The HTTP module is part of the LDClient Core. It offers support for retrieving HTTP resources (of any type) using the Apache HTTPClient library. Since this is the most common type of Linked Data resources, the LDClient Core offers advanced connection management for HTTP connections using a connection pool and keep-alive connections.

Implementing a data provider that uses HTTP to retrieve resource data requires subclassing the class AbstractHttpProvider. This class implements the retrieveResource(...) method of DataProvider, but requires subclasses to implement a parseResponse(...) method instead. Please see the Javadoc documentation for details.

XML Module

The XML module provides an abstract base class for all XML-based data sources, e.g. web services like YouTube or Vimeo offering their data in a proprietary XML format. It is based on the HTTP module, implements basic XML parsing functionality (using JDOM) and allows subclasses to specify mappings from XPath statements to RDF properties. Subclasses will need to provide this mapping as well as a method specifying how to build the request URL for the service based on the resource URI of the retrieved resource. To build a data provider based on an XML data source, you will need to include the following Maven artifact:

<dependency>
    <groupId>org.apache.marmotta</groupId>
    <artifactId>ldclient-provider-xml</artifactId>
    <version>3.3.0</version>
</dependency>

To actually use the XML provider with a data source, you need to create a subclass of AbstractXMLDataProvider and override the following methods:

  • Map<String,XPathValueMapper> getXPathMappings(String requestUrl): a mapping table mapping from RDF properties to XPath Value Mappers. Each entry in the map is evaluated in turn; in case the XPath expression yields a result, the property is added for the processed resource
  • List<String> getTypes(URI resource): should return a list of URIs that are added as RDF types (using rdf:type) to each retrieved resource
  • List<String> buildRequestUrl(String resourceUri, Endpoint endpoint): build the URLs used for accessing the actual resource data through a web service; in the most simple case, this can simply be the same as the resource URI, but in most real-world scenarios you will need to do some sort of rewriting

Good examples on how to use the XML module can be found in the Vimeo and Youtube modules in the source code.

HTML Module

Like the XML module, the HTML module provides an abstract base class for all HTML-based data sources (simple web pages or also more complex web applications). It is for example used in the PHPBB module to access posts and threads in an online forum.
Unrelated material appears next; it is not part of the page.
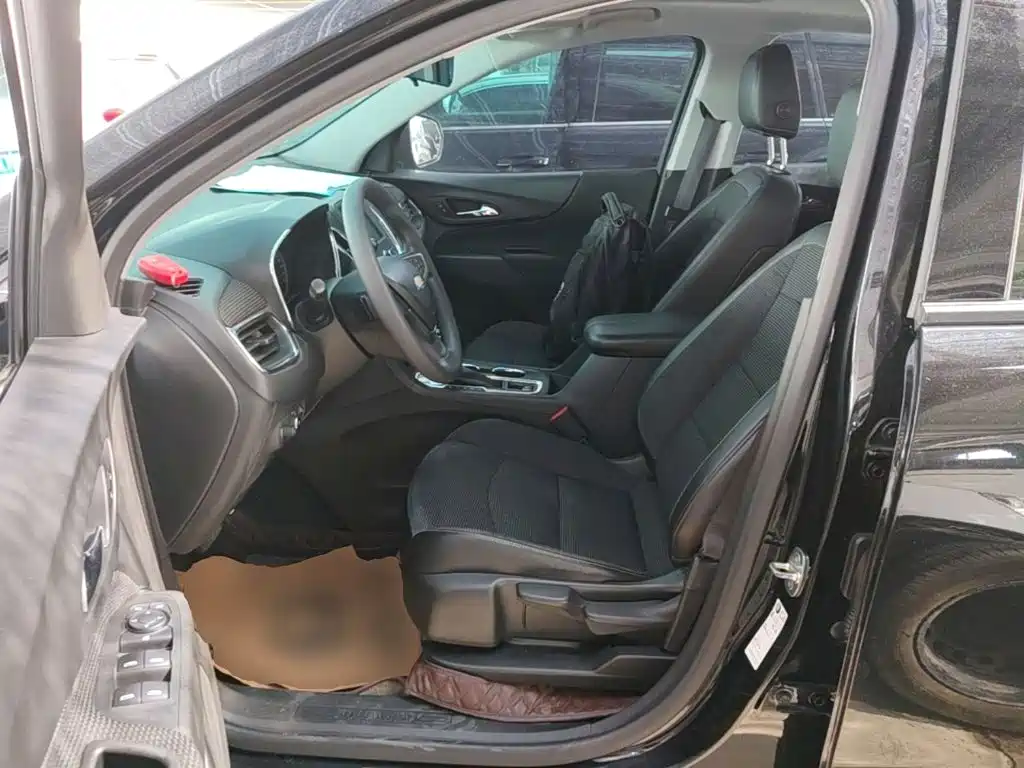 Chevrolet Equinox 2018 — фото 15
It implements basic HTML parsing functionality, even for messy HTML, using JSoup. Since XPath is usually not very convenient for HTML documents, mappings from element values to RDF properties in the HTML module are specified using CSS selectors similar to jQuery. Subclasses will need to provide this mapping as well as a method specifying how to build the request URL for the service based on the resource URI of the retrieved resource. To build a data provider based on an HTML data source, you will need to include the following Maven artifact:

<dependency>
    <groupId>org.apache.marmotta</groupId>
    <artifactId>ldclient-provider-html</artifactId>
    <version>3.3.0</version>
</dependency>

To actually use the XML provider with a data source, you need to create a subclass of AbstractHTMLDataProvider and override the following methods:

  • Map<String, JSoupMapper> getMappings(String resource, String requestUrl): a mapping table mapping from RDF properties to JSoup element selections in the HTML document; Each entry in the map is evaluated in turn; in case the CSS expression yields a result, the property is added for the processed resource
  • List<String> getTypes(URI resource): should return a list of URIs that are added as RDF types (using rdf:type) to each retrieved resource
  • List<String> buildRequestUrl(String resourceUri, Endpoint endpoint): build the URLs used for accessing the actual resource data through a web service; in the most simple case, this can simply be the same as the resource URI, but in most real-world scenarios you will need to do some sort of rewriting

The only currently existing example is the PHPBB module.